Please, can someone help me to solve this:
|x - 2| = 1/e
I really don't know the way in which I could solve an absolute value.

  • 3
    Either $x-2={1\over e}$ or $-(x-2)={1\over e}$. Can you take it from here?2011-12-14
  • 0
    So, I have to join the values of the two cases (if it's positive, or if it's negative) and take the solution of the join?2011-12-14
  • 0
    You would solve each separately. The original equation will have two solutions. So, yes "join" makes sense. The solution set of the original equation is the union (join) of the solution sets of the equations from the two cases.2011-12-14
  • 1
    It might also help you if you draw a graph: http://www.wolframalpha.com/input/?i=plot+%7B%7Cx-2%7C%2C+1%2Fe%7D2011-12-14
  • 0
    For the intuition, it is useful to know that $|x-2|$ is the **distance** between $x$ and $2$. This distance is $1/e$ precisely when $x=2+1/e$ and when $x=2-1/e$, that is, $1/e$ to the right and $1/e$ to the left of $2$. (I am assuming that by $e$ you mean the base for the natural logarithms.)2011-12-14

1 Answers 1

1

From the definition of absolute value, $x$ is a solution of $$\tag{1}|x-2|={1\over e}$$ if and only if $$\tag{2}x-2={1\over e}$$ or $$\tag{3}-(x-2)={1\over e}.$$ (Since $|x-2|$ is either $x-2$ or $-(x-2)\,$.)

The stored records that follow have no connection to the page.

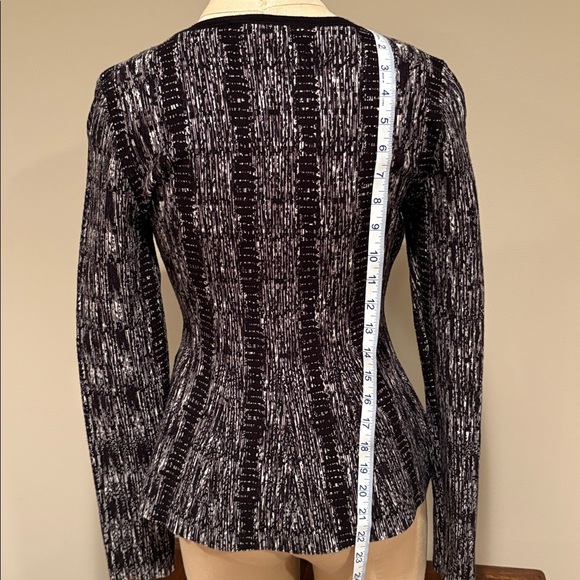 White House Black Market Peplum Long Sleeve Sweater Size S - Picture 7 of 12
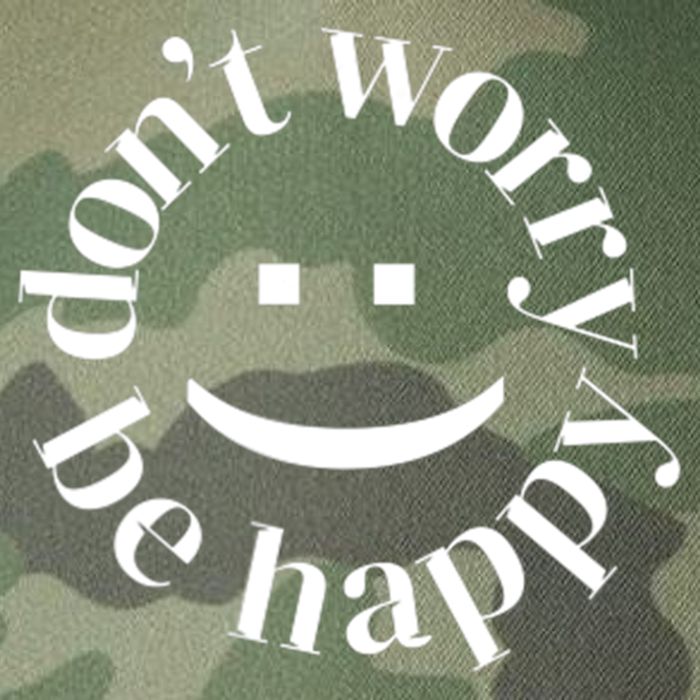 DONT WORRY BE HAPPY SIMLEY Legacy Tie Dye Trucker Hat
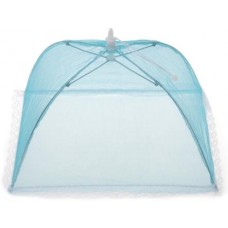 COPRI VIVANDE RIPIEGABILE BLU NYLON COPRIVIVANDE PER CIBI ANTI INSETTI E MOSCHE 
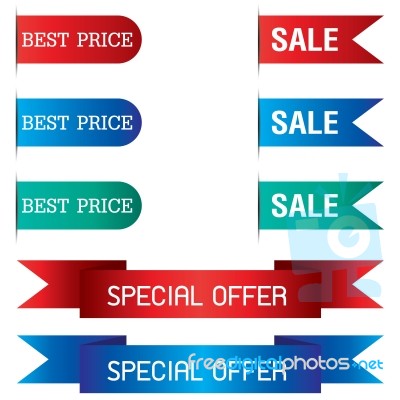 Tab Banner And Special Offer Of Ribbon Design Isolated On Background Stock Image Tab Banner And Special Offer Of Ribbon Design Isolated On Background Stock Image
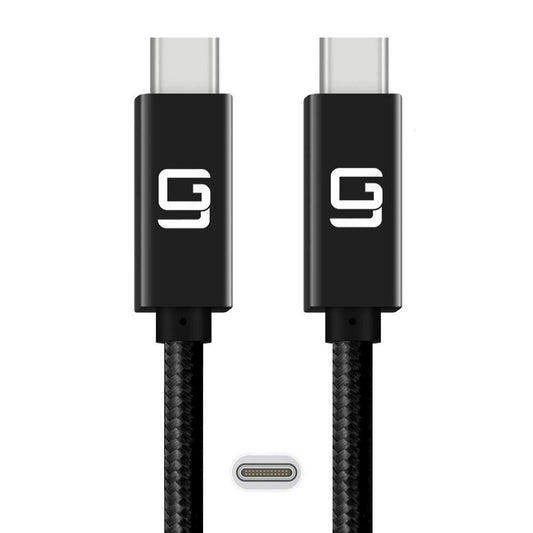 GodSpin USB C to USB C Cable (20Gbps) SuperSpeed [Certified] USB Type-C to USB Type-C, 100W Power (USB 3.1, 3.2, Thunderbolt 3) Nylon Braided, Dual 4k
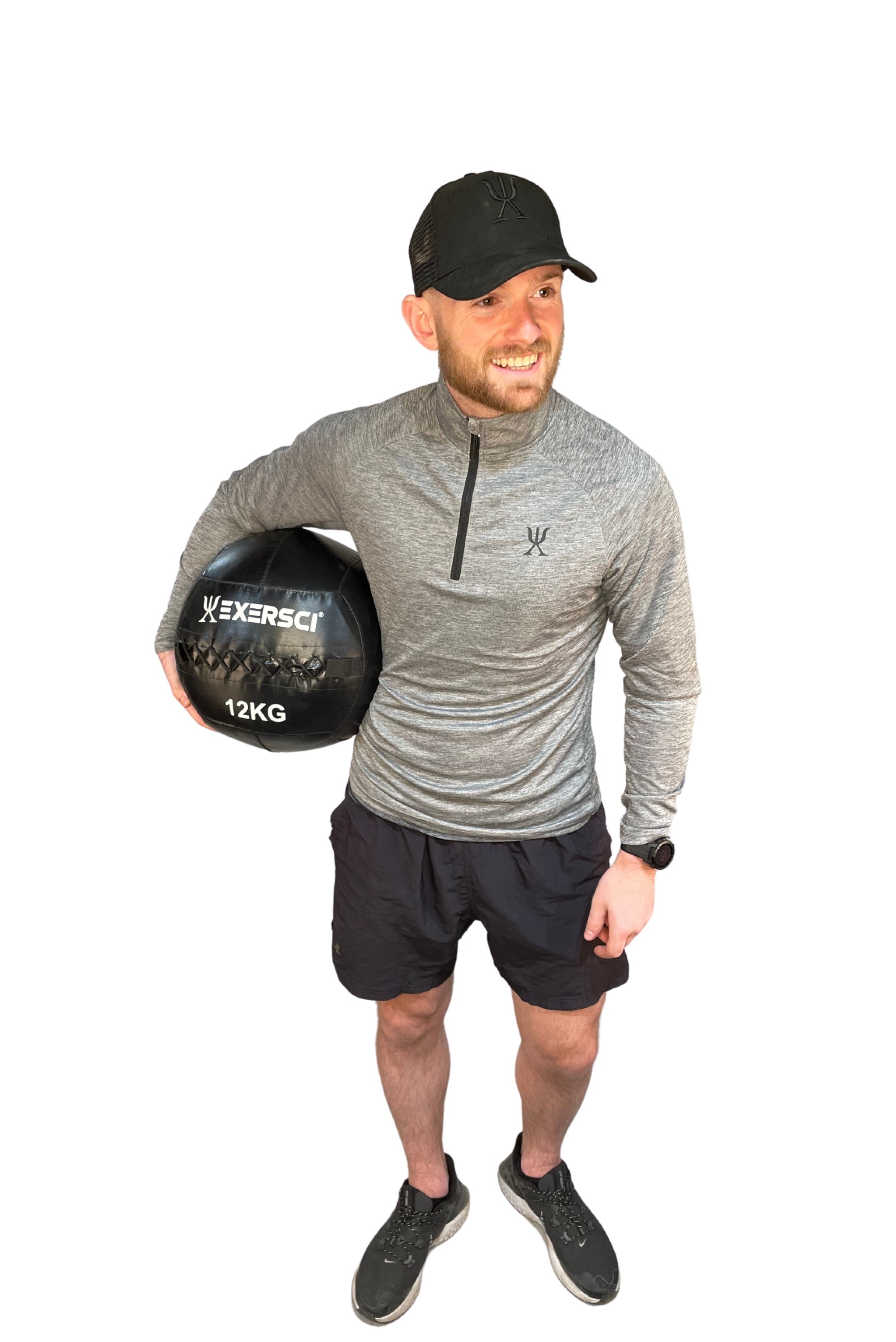 Exersci Tech ? Zip Long Sleeve Grey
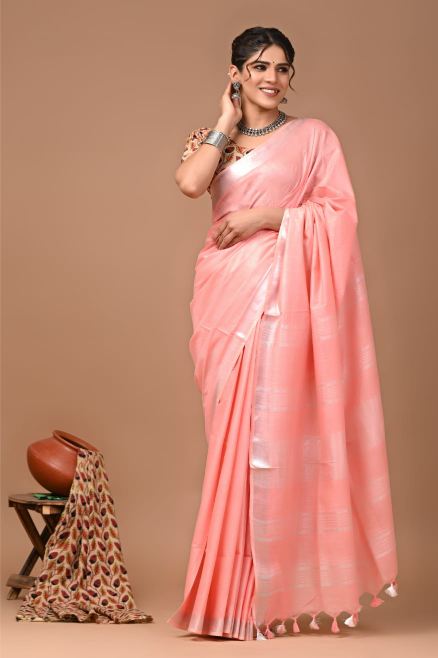 Salmon Saree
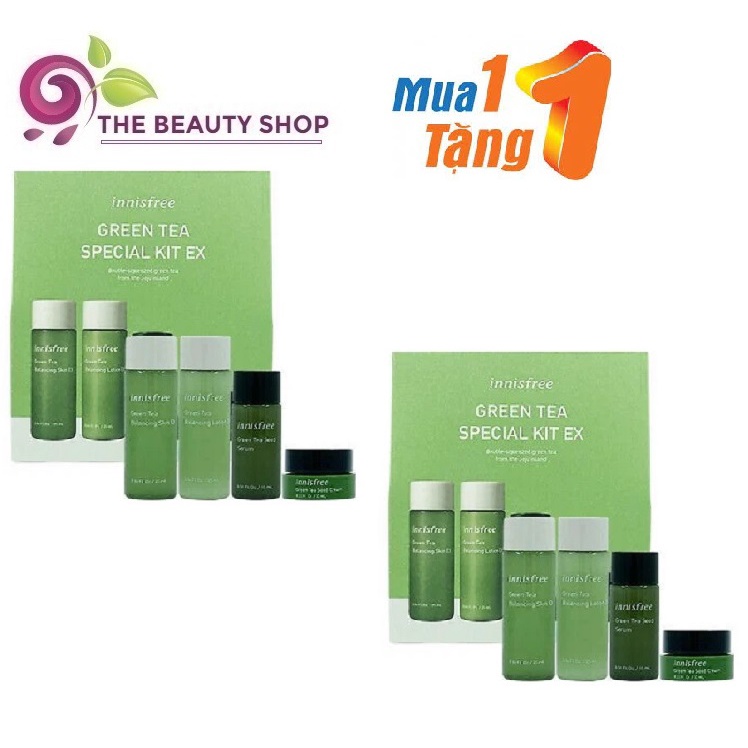 [SALE OFF - Mua 1 tặng 1] Bộ 4 Món Dưỡng Ẩm Innisfree Green Tea Special Kit EX ( mẫu mới nhất )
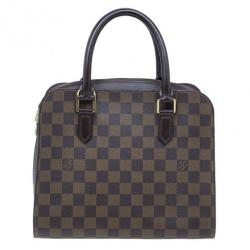 Pre Owned Louis Vuitton Damier Ebene Canvas Triana Tote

For emphasis: if $a$ is a solution of either equation (2) or equation (3), it must be a solution of equation (1). On the other hand, if $a$ is a solution of equation (1), it must be a solution of one of equations (2) or (3).

So, the solution set of equation (1) is precisely the union of the solution sets to equations (1) and (2).

You need to solve both of equations (1) and (2) (which I leave to you). Then you can state that the solutions to equation (1) are all the solutions found in the previous sentence.